Australia will be sending more troops to Iraq to assist in the fight against Islamic State, Prime Minister Tony Abbott has announced.
Speaking outside Parliament House on Tuesday, Mr Abbott said the new deployment would be working in a “building partner training capacity”.
He said the precise numbers were yet to be finalised, but anticipated about 300 Australian regular personnel would be in the deployment. They will be working in a close joint military operation with a further 100 New Zealand troops, although it will not formally be recognised as an ANZAC operation.
The Australian and NZ troops will be joining those from coalition partners Spain, the Netherlands and the United States already in Iraq.
Mr Abbott said the deployment comes in response to a formal request from the Iraqi government and the US to contribute the forces to help train the Iraqi army.
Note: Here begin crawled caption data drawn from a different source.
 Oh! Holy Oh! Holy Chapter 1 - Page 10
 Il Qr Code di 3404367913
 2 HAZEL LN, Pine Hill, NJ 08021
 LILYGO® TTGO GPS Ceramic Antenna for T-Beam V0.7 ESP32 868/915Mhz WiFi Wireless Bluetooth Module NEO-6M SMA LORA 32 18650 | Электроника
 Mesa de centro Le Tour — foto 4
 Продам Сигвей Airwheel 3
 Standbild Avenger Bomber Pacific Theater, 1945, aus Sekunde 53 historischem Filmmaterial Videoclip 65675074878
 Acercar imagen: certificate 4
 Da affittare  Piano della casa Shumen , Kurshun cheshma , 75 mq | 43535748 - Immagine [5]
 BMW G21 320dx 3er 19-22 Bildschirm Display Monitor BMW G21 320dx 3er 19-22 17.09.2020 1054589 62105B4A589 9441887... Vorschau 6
Mr Abbott said the goal of the Australian military training contingent was to improve Iraq’s own ability to take and hold ground from Islamic State (aka ISIS, ISIL and Daesh), “to keep Iraq safe” and to “wrest back control of the country from the death cult”.
“It is absolutely and utterly in Australia’s national interest to do this,” he said.
The prime minister denied that the new deployment, which has bi-partisan support, was mission creep. Rather, he described it as shifting to the next phase of a long mission, noting the planned draw-down of the current deployment of 170 Australian Special Forces by September.
Andrew Wilkie spoke forcefully against the deployment, though. The Independent MP told reporters that after billions being spent and thousands of military trainers having already served there over 12 years, Iraq’s army was no better off.
“There is no simple solution, no bloodless solution,” Wilkie admitted, but remained resolute in his conviction that that Australia’s and the West’s involvement in Iraq was the cause of instability in the Middle East, not the answer to it.
“We are now reaping what we sew(ed) in 2003,” he said, referring to the US led invasion of Iraq.